Roasted Potato & Beet Salad

The items in this recipe come from my Community Supported Agriculture package. Everything is organic and we receive whatever is growing.
One box new potatoes (About 15 small potatoes)
One pkg. baby beets* (About 6 beets)
One pkg. snap peas
½ c. chopped garlic scapes**
olive oil (one Tbl. for cookie sheet & up to 1/4 c for veggies)
salt & pepper to taste
Dill, parsley, or other herbs of choice

1. Scrub potatoes and beets, removing stems and leaves of beets. (Stems & leaves be steamed or used in stock.)
2. Cut veggies into quarters and place in a large pot with a steam basket and steam for about 10 minutes. (Try to keep potatoes & beets separate in case beets bleed.)
3. While veggies are steaming, preheat oven to 350-400 degrees F.
4. During the 10 minutes of steaming, oil a large cookie sheet with olive oil. Chop scapes finely and remove stems from fresh dill or parsley.
5. After 10 minutes, remove potatoes and beets and toss with about ¼ cup olive oil. Sprinkle on salt & pepper to taste and place in oven for about 15-20 minutes, until veggies turn crisp around edges.
6. Optional Step: Place oven on broil and broil veggies for 2- 3 minutes, watching that they do not burn.
7. While veggies are in the oven, put cut garlic scapes in the water underneath the steam basket in the pot and the snap peas in the top and steam for 5 minutes. Remove scapes & peas; cut snap peas into halves or thirds.
8. Remove potatoes and beets from the oven, add garlic scapes, snap peas, and dill or parsley and toss. Can be served warm or chilled and served cold.

*I believe these were Chioggia Beets- (aka Candy Cane)- an Italian heirloom variety. Flesh has red/white concentric circles.
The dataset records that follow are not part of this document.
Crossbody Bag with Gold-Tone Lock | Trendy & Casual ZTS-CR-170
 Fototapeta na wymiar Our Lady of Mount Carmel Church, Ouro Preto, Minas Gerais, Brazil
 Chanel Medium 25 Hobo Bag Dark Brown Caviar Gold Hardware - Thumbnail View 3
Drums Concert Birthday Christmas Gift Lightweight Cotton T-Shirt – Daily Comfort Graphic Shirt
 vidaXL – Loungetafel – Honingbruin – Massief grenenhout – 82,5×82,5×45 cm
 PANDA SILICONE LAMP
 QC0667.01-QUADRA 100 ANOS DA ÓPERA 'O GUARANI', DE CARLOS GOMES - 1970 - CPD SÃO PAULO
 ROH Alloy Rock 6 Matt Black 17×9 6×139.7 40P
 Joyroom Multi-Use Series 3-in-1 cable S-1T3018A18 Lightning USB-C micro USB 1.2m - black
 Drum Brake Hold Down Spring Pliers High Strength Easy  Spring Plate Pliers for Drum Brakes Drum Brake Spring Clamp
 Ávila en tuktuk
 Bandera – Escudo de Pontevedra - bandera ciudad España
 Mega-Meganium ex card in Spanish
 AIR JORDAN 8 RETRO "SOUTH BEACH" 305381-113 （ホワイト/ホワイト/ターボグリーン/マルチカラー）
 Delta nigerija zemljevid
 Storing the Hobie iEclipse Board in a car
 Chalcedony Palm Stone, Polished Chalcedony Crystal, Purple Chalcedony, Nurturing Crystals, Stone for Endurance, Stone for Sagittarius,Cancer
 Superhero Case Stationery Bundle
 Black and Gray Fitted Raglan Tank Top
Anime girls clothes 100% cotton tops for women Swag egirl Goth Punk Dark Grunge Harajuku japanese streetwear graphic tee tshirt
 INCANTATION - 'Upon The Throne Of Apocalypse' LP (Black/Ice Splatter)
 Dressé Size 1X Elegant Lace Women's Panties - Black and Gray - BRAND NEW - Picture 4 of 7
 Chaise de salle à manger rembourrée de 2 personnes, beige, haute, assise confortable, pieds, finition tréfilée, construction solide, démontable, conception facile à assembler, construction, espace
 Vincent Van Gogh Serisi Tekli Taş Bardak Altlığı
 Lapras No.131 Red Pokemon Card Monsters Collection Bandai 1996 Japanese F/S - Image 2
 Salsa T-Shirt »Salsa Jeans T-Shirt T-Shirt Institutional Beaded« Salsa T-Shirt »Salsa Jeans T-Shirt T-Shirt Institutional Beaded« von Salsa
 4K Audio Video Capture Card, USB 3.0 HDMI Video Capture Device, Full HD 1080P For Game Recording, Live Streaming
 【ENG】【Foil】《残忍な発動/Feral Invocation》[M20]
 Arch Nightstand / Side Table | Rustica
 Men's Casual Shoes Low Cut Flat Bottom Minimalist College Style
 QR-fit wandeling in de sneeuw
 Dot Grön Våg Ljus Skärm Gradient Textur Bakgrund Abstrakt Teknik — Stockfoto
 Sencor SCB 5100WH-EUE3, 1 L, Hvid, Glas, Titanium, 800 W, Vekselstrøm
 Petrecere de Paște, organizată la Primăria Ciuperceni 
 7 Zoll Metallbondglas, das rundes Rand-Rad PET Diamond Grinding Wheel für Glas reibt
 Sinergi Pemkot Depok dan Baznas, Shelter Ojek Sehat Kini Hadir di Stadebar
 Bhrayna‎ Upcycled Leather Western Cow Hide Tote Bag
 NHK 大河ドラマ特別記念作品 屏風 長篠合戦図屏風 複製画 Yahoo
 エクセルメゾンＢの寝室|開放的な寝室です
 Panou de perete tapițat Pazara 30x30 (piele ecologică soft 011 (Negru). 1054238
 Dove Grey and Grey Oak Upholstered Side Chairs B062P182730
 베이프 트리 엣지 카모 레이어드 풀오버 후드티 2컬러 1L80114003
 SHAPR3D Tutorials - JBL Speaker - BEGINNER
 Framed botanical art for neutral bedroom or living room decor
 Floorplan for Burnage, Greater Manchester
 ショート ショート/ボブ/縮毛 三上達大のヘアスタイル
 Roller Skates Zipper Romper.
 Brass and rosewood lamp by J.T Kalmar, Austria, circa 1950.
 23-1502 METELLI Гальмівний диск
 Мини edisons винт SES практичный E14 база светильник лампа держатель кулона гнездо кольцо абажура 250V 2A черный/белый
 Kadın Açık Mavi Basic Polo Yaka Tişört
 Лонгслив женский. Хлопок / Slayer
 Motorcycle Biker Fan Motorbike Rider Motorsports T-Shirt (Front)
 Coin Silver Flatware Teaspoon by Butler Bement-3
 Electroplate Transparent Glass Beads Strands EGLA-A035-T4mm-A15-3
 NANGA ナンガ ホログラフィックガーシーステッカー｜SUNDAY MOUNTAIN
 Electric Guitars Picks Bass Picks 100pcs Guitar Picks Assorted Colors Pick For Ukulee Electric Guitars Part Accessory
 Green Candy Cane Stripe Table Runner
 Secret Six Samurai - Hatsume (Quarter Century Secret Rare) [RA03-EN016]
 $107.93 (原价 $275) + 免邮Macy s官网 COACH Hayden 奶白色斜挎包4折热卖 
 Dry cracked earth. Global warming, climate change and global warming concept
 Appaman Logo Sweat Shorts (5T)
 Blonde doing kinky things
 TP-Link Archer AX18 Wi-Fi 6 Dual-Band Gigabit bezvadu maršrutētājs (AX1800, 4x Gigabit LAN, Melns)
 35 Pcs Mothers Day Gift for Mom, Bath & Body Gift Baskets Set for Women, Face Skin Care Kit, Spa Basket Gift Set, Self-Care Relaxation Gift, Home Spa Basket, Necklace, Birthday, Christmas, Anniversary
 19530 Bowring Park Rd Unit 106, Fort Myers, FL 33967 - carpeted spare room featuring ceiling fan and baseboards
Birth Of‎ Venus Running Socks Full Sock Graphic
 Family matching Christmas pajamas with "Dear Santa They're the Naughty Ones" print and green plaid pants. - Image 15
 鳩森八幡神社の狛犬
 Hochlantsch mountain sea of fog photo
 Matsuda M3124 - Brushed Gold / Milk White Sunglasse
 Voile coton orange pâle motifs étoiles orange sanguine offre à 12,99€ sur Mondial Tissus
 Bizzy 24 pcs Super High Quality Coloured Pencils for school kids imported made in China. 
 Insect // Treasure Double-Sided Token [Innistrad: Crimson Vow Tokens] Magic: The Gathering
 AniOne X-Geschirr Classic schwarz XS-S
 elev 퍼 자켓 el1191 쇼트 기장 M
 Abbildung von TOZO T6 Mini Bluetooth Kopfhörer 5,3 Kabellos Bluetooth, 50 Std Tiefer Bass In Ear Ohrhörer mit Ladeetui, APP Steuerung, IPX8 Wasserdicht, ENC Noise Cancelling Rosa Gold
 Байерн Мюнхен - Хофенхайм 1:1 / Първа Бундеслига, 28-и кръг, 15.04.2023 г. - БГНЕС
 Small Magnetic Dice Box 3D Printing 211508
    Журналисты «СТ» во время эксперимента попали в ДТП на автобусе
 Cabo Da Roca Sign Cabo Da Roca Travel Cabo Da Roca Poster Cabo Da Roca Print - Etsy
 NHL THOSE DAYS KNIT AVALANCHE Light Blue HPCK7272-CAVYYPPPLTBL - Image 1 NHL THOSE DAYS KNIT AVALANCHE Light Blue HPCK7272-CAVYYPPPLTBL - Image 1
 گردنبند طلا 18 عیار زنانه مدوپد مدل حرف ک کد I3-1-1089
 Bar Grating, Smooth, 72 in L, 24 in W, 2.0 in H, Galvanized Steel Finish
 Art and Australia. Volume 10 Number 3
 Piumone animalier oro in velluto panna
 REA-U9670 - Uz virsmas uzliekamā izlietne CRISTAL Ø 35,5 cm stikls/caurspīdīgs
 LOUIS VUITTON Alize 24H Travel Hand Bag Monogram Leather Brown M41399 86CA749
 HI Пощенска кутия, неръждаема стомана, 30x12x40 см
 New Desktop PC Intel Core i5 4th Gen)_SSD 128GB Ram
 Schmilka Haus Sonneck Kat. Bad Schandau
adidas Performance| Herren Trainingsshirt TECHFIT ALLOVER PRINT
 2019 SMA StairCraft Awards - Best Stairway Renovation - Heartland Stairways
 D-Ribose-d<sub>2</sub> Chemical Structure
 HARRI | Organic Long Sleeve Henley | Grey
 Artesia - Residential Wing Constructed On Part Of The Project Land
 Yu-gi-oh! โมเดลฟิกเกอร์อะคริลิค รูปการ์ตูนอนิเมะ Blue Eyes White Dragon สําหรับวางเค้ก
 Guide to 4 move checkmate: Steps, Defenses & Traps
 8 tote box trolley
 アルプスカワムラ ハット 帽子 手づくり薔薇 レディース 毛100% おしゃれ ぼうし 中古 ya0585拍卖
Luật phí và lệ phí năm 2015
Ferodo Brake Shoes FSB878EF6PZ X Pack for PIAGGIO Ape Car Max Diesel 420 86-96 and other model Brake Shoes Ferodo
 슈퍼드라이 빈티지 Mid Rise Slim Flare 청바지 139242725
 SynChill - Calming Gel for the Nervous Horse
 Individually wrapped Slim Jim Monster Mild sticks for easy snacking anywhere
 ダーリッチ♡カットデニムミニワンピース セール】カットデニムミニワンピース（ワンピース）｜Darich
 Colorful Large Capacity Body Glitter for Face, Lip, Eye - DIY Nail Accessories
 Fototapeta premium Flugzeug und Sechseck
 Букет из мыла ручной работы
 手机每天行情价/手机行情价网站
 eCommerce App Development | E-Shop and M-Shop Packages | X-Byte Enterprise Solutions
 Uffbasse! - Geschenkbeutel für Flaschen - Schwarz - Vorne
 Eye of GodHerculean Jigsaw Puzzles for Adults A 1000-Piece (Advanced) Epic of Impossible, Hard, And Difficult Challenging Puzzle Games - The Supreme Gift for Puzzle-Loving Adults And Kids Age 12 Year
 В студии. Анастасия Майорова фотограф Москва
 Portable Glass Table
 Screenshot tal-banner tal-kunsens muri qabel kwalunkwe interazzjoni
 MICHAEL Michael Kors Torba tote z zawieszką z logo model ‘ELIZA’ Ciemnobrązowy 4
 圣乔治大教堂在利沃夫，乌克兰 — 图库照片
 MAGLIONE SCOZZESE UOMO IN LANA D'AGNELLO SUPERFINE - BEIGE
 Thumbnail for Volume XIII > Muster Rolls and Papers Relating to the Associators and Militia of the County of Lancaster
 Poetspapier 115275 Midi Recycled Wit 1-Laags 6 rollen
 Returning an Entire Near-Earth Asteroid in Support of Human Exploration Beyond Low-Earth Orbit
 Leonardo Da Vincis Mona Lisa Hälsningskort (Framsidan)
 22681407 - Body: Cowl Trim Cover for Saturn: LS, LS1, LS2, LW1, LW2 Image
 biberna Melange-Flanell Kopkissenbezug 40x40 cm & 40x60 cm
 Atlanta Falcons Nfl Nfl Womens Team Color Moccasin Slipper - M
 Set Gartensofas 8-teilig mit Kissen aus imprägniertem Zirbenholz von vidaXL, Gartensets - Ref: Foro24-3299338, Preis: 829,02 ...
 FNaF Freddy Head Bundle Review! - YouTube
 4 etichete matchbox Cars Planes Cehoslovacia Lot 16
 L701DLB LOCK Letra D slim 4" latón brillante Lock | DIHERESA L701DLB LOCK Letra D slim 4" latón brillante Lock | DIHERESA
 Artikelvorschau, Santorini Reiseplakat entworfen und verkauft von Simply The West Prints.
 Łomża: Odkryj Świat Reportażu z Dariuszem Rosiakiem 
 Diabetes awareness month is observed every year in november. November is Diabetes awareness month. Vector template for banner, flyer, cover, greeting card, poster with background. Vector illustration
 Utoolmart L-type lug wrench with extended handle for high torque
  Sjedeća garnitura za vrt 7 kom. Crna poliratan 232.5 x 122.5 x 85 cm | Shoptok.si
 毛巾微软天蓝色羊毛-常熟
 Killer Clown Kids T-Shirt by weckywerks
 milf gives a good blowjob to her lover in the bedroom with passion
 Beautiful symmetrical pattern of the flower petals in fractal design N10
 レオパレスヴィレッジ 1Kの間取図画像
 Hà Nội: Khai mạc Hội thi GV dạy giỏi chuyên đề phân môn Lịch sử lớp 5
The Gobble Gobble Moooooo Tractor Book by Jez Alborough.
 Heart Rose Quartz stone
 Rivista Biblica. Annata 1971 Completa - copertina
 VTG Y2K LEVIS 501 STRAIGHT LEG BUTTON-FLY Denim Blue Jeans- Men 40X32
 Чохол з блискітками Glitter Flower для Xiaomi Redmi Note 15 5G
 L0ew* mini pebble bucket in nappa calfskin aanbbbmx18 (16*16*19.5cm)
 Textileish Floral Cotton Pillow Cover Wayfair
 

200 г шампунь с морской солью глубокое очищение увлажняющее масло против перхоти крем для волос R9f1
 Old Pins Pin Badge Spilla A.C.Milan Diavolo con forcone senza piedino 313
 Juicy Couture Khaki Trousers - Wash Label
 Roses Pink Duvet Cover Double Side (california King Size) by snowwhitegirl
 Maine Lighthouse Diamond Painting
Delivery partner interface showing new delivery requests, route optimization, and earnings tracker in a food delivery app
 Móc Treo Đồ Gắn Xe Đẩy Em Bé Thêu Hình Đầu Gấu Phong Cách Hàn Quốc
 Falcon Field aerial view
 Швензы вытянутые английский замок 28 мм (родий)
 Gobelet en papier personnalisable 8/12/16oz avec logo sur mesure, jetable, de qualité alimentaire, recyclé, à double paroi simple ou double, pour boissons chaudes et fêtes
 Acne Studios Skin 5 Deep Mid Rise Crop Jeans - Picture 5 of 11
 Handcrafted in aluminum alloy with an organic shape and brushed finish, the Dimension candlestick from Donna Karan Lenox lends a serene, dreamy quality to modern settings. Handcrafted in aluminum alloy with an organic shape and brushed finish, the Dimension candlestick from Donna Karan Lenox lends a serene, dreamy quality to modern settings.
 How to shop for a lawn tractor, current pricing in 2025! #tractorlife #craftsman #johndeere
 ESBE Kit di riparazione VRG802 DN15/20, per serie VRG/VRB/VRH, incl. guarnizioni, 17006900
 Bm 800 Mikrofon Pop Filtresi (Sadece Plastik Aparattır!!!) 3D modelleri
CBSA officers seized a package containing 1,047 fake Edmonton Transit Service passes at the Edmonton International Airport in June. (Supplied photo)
**From an online Washington Post article: “Garlic and its relatives in the allium family, (leeks, chives, onions) grow underground, where the bulb begins its journey, soft and onion-like. As the bulb gets harder (and more like the garlic we know), a shoot pokes its way through the ground. Chlorophyll- green like a scallion (maybe even greener), the shoot is long and thin and pliable enough to curl into gorgeous tendrils. This stage of growth is the garlic scape. If left unattended, the scape will harden and transform from green to the familiar opaque white/beige color of garlic peel. Keeping the shoot attached will also curtail further growth of the bulb. So, in an effort to allow the garlic to keep growing, the farmer is getting a two-fer with this edible delectable that cooks are just beginning to discover.”